The story ``As Islamic fundamentalism rises in Egypt, government feels heat,'' June 14, was an accurate summary of the reasons many young Egyptians choose Islam as an ideology to make sense of the world. However, there are some misleading statements. Sharia was not set down in the Qur'an. It is a system law derived from both the Qur'an and the Sunnah. There are four main schools of Sharia codification and interpretations. The confusion may have arisen with the word ``Shariah,'' meaning the ``Path'' or ``way,'' and is usually taken to include the Qur'an and the Sunna. ``Shariah'' in the strict sense means the ``way'' that all Muslims are supposed to follow.

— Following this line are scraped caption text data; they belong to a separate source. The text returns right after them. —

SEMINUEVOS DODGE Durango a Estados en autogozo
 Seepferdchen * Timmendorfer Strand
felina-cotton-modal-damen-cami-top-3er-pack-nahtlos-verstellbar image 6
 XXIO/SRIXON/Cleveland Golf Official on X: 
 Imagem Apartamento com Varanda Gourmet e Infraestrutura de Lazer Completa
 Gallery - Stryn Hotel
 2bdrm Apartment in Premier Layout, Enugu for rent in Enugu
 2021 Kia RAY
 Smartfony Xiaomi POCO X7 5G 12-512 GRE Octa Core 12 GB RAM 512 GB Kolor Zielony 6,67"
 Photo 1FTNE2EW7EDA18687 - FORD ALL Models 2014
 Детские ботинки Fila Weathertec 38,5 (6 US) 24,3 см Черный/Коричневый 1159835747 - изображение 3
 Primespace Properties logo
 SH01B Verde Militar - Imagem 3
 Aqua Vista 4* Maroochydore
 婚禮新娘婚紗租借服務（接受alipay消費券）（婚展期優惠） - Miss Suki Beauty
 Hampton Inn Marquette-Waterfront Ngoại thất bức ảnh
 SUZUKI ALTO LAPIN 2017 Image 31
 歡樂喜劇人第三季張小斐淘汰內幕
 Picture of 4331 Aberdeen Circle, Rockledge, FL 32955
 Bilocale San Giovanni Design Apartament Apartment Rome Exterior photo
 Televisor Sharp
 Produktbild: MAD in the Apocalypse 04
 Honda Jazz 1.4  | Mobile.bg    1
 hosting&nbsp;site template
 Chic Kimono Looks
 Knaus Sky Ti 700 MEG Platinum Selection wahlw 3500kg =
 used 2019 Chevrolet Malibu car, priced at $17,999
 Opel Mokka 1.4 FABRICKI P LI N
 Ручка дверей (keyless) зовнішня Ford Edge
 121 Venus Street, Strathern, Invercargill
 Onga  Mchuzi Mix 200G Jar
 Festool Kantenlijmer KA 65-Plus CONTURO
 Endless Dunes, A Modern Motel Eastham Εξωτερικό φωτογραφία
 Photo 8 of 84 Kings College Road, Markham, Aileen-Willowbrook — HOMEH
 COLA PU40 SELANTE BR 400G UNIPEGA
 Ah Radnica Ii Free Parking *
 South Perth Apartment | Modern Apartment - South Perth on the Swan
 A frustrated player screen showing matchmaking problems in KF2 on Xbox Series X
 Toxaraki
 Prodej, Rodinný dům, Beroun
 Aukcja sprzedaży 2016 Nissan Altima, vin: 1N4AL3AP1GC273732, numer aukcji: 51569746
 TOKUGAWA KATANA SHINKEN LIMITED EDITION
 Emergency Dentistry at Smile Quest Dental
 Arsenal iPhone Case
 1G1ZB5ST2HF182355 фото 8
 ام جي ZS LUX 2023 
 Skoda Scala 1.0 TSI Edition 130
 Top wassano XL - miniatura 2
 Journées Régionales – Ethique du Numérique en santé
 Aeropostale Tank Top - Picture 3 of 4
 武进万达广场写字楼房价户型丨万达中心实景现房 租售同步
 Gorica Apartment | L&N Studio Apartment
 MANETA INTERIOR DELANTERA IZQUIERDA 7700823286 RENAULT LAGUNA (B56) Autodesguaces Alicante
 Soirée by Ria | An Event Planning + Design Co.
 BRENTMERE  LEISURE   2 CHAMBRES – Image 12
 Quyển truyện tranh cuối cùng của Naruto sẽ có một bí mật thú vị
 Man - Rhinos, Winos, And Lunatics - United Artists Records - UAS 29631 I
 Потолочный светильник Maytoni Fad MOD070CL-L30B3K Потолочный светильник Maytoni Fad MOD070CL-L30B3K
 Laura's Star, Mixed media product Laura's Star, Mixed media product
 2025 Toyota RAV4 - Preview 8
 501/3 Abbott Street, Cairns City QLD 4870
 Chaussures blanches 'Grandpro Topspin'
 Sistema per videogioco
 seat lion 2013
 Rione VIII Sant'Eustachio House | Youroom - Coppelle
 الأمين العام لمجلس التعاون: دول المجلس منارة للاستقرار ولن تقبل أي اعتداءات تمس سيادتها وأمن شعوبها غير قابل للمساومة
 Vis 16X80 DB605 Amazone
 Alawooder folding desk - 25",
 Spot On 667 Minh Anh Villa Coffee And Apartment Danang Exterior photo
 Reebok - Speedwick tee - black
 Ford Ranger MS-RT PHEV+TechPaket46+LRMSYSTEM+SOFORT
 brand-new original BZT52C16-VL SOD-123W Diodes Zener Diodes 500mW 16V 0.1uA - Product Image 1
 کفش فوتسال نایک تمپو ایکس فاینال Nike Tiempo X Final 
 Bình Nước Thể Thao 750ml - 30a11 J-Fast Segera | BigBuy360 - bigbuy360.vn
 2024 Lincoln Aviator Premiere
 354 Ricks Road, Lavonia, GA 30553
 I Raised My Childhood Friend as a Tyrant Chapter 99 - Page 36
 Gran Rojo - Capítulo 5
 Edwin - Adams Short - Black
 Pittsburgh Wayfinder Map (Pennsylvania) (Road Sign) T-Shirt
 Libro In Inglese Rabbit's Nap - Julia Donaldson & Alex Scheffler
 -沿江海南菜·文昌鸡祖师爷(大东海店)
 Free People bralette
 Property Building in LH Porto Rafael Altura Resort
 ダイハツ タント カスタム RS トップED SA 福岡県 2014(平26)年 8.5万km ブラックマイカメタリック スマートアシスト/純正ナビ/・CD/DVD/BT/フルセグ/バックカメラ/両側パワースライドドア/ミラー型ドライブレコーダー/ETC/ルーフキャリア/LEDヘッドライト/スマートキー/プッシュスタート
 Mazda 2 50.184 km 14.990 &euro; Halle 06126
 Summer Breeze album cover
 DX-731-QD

Regarding the sentence ``[The Qur'an] prescribes codes of behavior in all walks of life,'' the Qur'an can be interpreted to mean all the restrictive things you list in the article; but it is fairly ambiguous. For instance, there is no prohibition on interest but on usury; similarly, there is nothing that says women must wear head coverings. The Qur'an simply says: ``Tell the believing women to gather their garments around them.'' In traditionally male-dominated societies, this was interpreted to mean veiling. This one example of customs predating Islam becoming part of what Muslims believe Islam is all about. And it is not correct to imply that only in a liberal interpretation of Shariah law are thiefs not to be punished because they are forced by society's imperfections to steal. The view that thieves are only to be punished if they are fully responsible for their acts is shared by both modernizing and traditionalist Muslims.
What the Islamic activists seek to reimpose in Egypt is not so much Shariah law as their interpretation of Shariah law. The Qur'an and the Hadith are very ambiguous documents. In no sense are liberal interpretations somehow stretching the intent of the law, as the article implied. Shariah law is not conservative law by definition; it is its interpretations, reflecting other biases, which can be either conservative, literalist, or modernist.
Islam is so badly reported that just getting the facts right is a giant step toward a better understanding of what's really going on in Muslim societies. Julian Crandall Hollick Executive Producer, NPR's ``The World of Islam'' Concord, Mass.